# WORK TO COMPLETE:
Each line of the material below needs to be returned exactly as written.

# DATA PROVIDED:
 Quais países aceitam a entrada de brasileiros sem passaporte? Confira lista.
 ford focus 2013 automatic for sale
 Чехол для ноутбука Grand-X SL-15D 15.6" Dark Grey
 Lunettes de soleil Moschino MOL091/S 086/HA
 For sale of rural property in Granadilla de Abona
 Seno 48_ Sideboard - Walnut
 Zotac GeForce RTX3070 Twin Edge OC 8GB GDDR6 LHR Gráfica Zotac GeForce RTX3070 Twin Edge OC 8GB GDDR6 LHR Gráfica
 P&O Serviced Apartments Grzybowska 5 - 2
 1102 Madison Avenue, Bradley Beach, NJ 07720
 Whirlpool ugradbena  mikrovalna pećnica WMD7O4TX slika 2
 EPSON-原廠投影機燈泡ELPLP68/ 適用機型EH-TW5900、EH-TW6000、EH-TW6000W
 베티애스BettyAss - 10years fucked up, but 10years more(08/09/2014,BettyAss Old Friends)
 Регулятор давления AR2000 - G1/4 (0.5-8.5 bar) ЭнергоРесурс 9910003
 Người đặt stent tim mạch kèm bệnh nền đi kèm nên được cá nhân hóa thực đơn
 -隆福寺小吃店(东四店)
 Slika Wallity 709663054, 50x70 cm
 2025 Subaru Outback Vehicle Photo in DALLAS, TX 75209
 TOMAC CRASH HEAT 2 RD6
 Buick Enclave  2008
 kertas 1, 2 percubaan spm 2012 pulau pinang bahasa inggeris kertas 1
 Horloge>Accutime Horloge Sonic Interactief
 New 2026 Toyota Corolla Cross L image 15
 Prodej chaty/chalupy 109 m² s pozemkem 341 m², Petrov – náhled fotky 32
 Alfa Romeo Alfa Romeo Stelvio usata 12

# REPLY:
 Quais países aceitam a entrada de brasileiros sem passaporte? Confira lista.
 ford focus 2013 automatic for sale
 Чехол для ноутбука Grand-X SL-15D 15.6" Dark Grey
 Lunettes de soleil Moschino MOL091/S 086/HA
 For sale of rural property in Granadilla de Abona
 Seno 48_ Sideboard - Walnut
 Zotac GeForce RTX3070 Twin Edge OC 8GB GDDR6 LHR Gráfica Zotac GeForce RTX3070 Twin Edge OC 8GB GDDR6 LHR Gráfica
 P&O Serviced Apartments Grzybowska 5 - 2
 1102 Madison Avenue, Bradley Beach, NJ 07720
 Whirlpool ugradbena  mikrovalna pećnica WMD7O4TX slika 2
 EPSON-原廠投影機燈泡ELPLP68/ 適用機型EH-TW5900、EH-TW6000、EH-TW6000W
 베티애스BettyAss - 10years fucked up, but 10years more(08/09/2014,BettyAss Old Friends)
 Регулятор давления AR2000 - G1/4 (0.5-8.5 bar) ЭнергоРесурс 9910003
 Người đặt stent tim mạch kèm bệnh nền đi kèm nên được cá nhân hóa thực đơn
 -隆福寺小吃店(东四店)
 Slika Wallity 709663054, 50x70 cm
 2025 Subaru Outback Vehicle Photo in DALLAS, TX 75209
 TOMAC CRASH HEAT 2 RD6
 Buick Enclave  2008
 kertas 1, 2 percubaan spm 2012 pulau pinang bahasa inggeris kertas 1
 Horloge>Accutime Horloge Sonic Interactief
 New 2026 Toyota Corolla Cross L image 15
 Prodej chaty/chalupy 109 m² s pozemkem 341 m², Petrov – náhled fotky 32
 Alfa Romeo Alfa Romeo Stelvio usata 12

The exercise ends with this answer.